Monica Geran -- Interior Design, 12/1/2001 12:00:00 AM
SHE GREW UP on a colonial farmstead in New Hampshire's countryside, a detail that had, as it turned out, considerable bearing on her future career. When very young, she briefly fancied herself as a proficient pianist, a short-lived vision brought to an abrupt end by a music mistress who applauded her passionate keyboard pounding but deplored her inattention to technicalities. She earned a BFA/interior architecture degree from Pratt Institute in Brooklyn. Her influences included Ward Bennett and instructor Joe D'Urso, who "supported, rather than imposed" the tenets and theories of design.
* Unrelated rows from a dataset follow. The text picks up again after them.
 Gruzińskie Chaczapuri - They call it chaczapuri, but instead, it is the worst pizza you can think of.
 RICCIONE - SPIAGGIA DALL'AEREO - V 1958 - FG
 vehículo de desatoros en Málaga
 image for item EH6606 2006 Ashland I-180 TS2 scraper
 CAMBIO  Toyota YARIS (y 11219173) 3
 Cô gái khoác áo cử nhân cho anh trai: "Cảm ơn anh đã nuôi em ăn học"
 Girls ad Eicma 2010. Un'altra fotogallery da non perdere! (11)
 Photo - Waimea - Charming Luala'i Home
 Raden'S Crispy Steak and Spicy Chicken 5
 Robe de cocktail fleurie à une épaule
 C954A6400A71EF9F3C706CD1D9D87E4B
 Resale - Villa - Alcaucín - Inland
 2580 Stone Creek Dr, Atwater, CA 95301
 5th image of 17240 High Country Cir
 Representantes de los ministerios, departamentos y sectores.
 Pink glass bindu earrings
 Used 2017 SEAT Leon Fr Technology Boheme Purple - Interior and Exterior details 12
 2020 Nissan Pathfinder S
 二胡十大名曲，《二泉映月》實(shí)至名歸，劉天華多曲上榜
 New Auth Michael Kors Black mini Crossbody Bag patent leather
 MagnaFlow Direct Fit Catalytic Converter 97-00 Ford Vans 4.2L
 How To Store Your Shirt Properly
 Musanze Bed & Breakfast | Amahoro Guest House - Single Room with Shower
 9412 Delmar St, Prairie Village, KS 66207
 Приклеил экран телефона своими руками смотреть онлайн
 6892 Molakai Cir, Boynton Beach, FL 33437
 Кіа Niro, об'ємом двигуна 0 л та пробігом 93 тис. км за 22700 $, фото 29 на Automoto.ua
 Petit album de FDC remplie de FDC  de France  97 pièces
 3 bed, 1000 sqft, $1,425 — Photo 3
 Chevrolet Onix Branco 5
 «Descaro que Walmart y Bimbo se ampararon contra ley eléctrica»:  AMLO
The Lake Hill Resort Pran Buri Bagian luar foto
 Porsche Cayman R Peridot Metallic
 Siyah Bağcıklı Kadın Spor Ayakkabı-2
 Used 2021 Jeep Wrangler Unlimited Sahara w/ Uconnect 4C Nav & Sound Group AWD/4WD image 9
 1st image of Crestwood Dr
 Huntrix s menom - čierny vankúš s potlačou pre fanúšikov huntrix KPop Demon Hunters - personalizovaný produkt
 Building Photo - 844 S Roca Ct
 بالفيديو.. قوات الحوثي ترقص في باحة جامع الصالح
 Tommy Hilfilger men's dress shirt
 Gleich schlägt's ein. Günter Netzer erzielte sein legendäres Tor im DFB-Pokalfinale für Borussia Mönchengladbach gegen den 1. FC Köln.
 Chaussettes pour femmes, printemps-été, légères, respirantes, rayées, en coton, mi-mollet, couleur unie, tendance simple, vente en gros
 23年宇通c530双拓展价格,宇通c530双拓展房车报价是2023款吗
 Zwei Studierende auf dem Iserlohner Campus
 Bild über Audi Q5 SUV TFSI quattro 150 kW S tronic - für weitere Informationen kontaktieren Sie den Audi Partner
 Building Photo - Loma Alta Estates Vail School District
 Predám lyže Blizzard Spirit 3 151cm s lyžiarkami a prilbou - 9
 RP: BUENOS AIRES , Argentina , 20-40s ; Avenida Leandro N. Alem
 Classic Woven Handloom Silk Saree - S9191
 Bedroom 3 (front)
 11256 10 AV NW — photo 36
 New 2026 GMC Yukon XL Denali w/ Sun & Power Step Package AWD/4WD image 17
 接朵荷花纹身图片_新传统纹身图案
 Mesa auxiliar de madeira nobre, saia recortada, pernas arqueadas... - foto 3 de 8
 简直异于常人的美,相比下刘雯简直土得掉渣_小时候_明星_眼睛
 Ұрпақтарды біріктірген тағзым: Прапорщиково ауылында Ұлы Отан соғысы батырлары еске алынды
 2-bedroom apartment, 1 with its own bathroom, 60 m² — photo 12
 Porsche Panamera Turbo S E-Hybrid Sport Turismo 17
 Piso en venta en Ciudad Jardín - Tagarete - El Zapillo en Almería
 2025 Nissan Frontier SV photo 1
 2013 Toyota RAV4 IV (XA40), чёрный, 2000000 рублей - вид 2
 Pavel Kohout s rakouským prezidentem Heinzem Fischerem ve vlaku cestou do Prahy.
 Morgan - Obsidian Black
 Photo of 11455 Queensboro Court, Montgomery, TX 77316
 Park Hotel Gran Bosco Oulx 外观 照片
At this time, she also developed her skills for producing retail renderings, which, in pre-CAD days, proved to be a welcome freelance source of income. All was fine; only the winter weather was most foul. Not wont to waffle, she bought a one-way ticket to San Francisco in 1972. She's still there.
She, of course, is Ronette King, now one of five-plus Gensler members of the Interior Design Magazine Hall of Fame. Others are Arthur Gensler, Margo Grant Walsh, the late Don Brinkmann, and Antony Harbour; the "plus" refers to Orlando Diaz-Azcuy, who was inducted in 1988, one year after leaving Gensler to open his own studio. He and King met in the mid-'70s, when she was working as a freelancer for Diaz-Azcuy's environmental design firm. They became friends and, after moving to Gensler in '76, he urged her to follow. Twenty-one years later, King's mock-exasperated comment about the recruitment is: "He can sell you anything." She sounds glad that he could and did.
Joining Gensler San Francisco in 1980, King was promoted to vice president four years later. She has served on most prominent Gensler committees, acting as mentor rather than supervisor by setting an example for neophyte staffers. Her CV lists 41 major completed jobs in six commercial categories, adding up to 6,340,000 sq. ft., should anyone ask. Recent work includes new executive headquarters for Charles Schwab, Chevron Corp. headquarters, and expansion of the Moscone Convention Center.
Ending, then, with a return to the countryside, King ascribes her present values to the forceful influence of nature. Life on the gentleman's farm taught her to cherish the Shaker aesthetic and convinced her that design should convey a message of purpose. Her endorsement of simplicity and "controlled craftsmanship" has become an enduring legacy, enriching her as a professional and making her more endearing her as a person.